Ama-San, ou as mulheres do fundo do mar

Quando se cruzou com a excecional história das mulheres japonesas que mergulham em apneia para pescar no fundo do mar, Cláudia Varejão soube que tinha de filmá-la. Mas Ama-San é um filme sobre a normalidade. A normalidade de mulheres que são heroínas – no mar, onde arriscam a vida, e em terra, aonde voltam para vivê-la. A primeira longa-metragem de Varejão estreou-se, em Portugal, no DocLisboa. E venceu.

Quando as ama‑san mergulham em direção ao fundo do mar, fazem‑no com a normalidade rotineira de um trabalhador citadino que usa os transportes públicos até ao seu destino. Nem o mergulho é um mergulho, antes um salto pouco espetacular, sem artifícios olímpicos e antecedido de uns comentários jocosos sobre o tempo que falta até ao almoço. Uma por uma, as ama‑san vão desaparecendo sem despedidas, como se submergir fosse tão natural quanto respirar. Afinal, este é seu o trabalho, o sustento das suas famílias, a tarefa que tem de ser feita. Quando as vemos assim, comportando‑se mecanicamente, quase esquecemos que são as míticas ama‑san, as mergulhadoras que passam largos segundos no fundo do oceano sem garrafas de ar comprimido, em busca de algas, ouriços e abalones.
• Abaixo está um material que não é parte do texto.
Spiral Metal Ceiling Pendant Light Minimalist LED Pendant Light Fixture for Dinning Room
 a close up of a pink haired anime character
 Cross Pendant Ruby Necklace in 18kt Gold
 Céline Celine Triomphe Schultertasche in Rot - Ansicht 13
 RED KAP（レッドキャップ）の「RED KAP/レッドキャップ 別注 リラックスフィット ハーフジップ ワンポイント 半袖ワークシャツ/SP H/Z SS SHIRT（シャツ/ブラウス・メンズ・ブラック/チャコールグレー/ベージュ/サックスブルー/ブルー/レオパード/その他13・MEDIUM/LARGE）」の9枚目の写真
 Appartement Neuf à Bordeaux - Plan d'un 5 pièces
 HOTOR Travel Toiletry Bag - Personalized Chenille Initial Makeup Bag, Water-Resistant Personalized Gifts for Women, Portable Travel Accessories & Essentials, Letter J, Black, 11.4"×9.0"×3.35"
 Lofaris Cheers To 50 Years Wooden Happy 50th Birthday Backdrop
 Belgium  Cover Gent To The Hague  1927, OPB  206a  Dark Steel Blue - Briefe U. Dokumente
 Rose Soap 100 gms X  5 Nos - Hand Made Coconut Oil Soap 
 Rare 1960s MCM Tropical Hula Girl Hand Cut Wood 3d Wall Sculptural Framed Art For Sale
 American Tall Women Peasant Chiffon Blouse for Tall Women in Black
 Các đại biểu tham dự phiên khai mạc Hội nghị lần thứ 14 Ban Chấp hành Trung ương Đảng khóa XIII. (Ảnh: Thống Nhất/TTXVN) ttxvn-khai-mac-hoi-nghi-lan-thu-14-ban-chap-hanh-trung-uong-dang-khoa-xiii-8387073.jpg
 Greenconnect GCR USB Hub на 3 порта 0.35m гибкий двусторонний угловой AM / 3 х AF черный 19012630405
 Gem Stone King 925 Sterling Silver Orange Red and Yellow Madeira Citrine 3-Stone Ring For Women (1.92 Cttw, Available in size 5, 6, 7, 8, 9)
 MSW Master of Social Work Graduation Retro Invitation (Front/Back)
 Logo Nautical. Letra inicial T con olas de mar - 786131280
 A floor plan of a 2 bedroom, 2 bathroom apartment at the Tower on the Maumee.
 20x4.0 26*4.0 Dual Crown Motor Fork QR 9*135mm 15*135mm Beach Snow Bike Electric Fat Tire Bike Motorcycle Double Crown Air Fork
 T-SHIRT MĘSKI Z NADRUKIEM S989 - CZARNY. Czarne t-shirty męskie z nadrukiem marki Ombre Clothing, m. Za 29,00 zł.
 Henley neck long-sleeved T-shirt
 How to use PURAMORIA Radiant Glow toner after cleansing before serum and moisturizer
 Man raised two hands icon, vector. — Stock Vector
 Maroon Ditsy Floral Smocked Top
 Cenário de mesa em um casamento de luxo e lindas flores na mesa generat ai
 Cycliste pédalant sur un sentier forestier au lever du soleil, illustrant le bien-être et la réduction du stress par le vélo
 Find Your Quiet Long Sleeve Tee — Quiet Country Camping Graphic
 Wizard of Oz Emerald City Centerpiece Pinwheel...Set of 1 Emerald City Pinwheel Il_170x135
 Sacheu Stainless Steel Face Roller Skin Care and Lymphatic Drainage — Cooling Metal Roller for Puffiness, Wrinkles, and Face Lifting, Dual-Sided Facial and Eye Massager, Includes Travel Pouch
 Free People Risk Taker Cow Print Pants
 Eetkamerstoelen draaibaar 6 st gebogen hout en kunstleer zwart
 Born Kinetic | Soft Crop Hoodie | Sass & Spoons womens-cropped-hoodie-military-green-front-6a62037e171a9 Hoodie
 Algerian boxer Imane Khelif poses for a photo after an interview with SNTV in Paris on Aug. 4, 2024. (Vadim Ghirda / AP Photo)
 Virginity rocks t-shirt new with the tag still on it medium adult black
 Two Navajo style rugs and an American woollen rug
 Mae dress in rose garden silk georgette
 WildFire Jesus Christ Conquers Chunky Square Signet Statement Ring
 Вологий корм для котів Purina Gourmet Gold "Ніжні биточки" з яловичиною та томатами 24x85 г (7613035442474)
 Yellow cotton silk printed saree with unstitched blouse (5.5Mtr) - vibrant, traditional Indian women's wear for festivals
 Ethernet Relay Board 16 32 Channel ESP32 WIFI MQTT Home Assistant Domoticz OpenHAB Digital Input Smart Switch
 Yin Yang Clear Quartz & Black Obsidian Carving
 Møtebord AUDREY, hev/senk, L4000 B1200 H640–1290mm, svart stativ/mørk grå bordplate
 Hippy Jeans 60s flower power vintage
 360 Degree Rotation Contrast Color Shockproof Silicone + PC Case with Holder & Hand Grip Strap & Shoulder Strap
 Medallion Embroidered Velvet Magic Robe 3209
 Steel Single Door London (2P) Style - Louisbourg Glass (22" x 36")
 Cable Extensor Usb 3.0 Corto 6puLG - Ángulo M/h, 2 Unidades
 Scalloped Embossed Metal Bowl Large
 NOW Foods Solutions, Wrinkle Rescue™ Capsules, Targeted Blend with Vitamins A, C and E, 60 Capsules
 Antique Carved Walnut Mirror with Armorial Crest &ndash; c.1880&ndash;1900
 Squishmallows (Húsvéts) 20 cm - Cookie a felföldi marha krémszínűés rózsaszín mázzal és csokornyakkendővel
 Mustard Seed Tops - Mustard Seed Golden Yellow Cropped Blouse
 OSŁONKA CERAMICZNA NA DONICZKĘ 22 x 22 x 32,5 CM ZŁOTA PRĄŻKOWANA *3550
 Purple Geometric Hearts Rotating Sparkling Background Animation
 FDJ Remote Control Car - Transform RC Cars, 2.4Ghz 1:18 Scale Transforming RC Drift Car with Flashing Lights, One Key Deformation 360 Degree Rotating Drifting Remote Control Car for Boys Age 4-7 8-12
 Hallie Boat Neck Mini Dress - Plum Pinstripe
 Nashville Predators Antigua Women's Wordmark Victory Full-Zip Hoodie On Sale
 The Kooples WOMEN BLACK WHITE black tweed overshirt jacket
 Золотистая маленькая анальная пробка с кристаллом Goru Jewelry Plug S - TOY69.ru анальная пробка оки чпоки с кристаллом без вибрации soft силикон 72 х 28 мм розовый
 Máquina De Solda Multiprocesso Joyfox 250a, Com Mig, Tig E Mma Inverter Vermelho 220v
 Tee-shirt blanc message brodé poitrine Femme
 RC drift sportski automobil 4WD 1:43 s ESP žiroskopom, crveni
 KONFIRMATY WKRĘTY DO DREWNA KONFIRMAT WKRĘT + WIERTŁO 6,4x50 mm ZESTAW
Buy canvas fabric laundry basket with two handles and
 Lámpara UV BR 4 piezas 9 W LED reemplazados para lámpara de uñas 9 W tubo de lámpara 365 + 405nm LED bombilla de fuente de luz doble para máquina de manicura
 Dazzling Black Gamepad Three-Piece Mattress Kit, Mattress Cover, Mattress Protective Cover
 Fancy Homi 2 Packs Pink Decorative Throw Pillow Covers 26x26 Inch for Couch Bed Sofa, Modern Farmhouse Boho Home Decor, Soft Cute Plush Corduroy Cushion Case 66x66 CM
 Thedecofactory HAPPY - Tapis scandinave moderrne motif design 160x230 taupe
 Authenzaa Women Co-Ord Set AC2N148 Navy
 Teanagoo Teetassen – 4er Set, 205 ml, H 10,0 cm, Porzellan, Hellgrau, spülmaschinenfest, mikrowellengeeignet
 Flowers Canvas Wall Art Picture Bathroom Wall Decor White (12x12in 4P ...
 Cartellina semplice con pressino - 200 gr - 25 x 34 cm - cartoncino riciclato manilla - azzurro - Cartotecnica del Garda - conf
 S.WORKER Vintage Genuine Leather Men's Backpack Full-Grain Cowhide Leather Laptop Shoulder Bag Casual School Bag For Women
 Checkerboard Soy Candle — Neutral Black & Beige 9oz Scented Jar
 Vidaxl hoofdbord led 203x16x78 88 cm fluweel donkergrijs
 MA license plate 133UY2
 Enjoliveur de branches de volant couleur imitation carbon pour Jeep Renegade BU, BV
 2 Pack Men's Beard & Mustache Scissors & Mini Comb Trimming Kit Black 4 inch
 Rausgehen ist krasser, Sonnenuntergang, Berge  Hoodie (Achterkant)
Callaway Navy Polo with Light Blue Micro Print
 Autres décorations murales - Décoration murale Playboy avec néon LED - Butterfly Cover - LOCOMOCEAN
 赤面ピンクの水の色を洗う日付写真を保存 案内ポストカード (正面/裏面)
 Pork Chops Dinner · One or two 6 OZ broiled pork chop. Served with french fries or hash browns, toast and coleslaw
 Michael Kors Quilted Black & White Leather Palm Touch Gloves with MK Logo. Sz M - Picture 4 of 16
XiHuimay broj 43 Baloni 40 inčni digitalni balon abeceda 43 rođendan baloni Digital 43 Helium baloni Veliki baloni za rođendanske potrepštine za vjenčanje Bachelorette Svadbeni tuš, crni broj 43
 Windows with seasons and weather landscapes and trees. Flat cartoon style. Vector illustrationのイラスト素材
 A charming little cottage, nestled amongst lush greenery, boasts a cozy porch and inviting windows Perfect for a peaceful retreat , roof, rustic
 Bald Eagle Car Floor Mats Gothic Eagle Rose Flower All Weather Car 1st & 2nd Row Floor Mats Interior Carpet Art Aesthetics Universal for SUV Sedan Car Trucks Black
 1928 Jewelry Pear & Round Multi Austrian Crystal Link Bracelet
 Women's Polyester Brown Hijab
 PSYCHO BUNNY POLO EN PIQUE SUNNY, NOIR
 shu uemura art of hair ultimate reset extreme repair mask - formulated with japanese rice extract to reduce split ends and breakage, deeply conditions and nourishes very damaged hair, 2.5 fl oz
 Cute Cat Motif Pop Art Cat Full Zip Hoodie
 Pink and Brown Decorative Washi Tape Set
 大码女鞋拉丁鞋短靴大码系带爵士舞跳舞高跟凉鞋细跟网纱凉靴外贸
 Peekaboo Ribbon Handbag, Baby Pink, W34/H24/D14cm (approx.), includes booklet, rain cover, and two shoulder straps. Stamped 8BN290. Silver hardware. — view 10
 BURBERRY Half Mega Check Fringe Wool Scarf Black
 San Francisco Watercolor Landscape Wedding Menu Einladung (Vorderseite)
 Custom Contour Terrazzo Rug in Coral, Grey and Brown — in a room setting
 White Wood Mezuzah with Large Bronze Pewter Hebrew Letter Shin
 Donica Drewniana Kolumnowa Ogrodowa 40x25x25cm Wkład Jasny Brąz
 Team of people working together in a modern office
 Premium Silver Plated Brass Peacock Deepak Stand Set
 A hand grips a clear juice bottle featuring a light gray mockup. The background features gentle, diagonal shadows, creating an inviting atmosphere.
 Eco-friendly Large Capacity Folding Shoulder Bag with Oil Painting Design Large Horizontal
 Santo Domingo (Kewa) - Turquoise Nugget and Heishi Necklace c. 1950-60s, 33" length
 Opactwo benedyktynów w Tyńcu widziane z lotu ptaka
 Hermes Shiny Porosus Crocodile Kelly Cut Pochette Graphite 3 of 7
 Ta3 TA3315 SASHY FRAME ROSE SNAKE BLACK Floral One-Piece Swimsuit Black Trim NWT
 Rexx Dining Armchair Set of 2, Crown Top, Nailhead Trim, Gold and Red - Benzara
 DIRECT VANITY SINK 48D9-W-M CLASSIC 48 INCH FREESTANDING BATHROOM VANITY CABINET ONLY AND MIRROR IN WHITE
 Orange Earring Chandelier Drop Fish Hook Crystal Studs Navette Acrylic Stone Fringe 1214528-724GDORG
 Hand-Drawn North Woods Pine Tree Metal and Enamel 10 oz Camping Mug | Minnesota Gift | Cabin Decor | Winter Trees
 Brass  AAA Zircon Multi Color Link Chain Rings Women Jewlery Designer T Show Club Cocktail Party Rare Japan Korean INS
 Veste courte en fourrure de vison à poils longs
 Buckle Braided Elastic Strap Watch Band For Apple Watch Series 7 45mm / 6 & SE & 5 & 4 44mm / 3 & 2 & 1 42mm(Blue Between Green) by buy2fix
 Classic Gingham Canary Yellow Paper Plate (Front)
Fazem‑no há séculos, desde sempre e para sempre em apneia, desafiando os limites do corpo humano, as ameaças do mar e o papel tradicional da mulher japonesa, opondo‑se a outro símbolo feminino do país, as gueixas. Há séculos que alimentam a imaginação de artistas e antropólogos, enchendo páginas de romances, telas ou fotografias como as do italiano Fosco Maraini que as captou quando ainda mergulhavam nuas, punhal de madeira preso à tanga que lhes cobria o sexo, espécie de amazonas e irmãs guerreiras.

Desconhecendo todas essas representações, a realizadora portuguesa Cláudia Varejão soube que tais mulheres existiam ao ler um livro de poesia de uma amiga que dedicou alguns versos às ama‑san.

«Pesquisei e fiquei impressionada. Mulheres que mergulham em apneia para encontrar pérolas. Parecia demasiado poético para ser verdade», diz a realizadora.

Apesar de o ofício estar a desaparecer e de já não se pescarem pérolas, Cláudia Varejão descobriu que estas mulheres continuam a recusar a utilização das máscaras de oxigénio e que, apesar de todos os registos, ninguém se tinha ainda dedicado a contar a sua história em filme. A realizadora apressou‑se e concorreu a uma bolsa da Fundação Oriente, que decidiu financiar a viagem, mas com uma condição. «Telefonaram‑me a pedir provas fotográficas de que estas mulheres existiam mesmo para que a bolsa não fosse em vão», diz. Cláudia partiu para o Japão em 2013 numa viagem exploratória para o documentário que acabou por dar origem a um livro de fotografias e a uma exposição no Museu do Oriente, em 2015.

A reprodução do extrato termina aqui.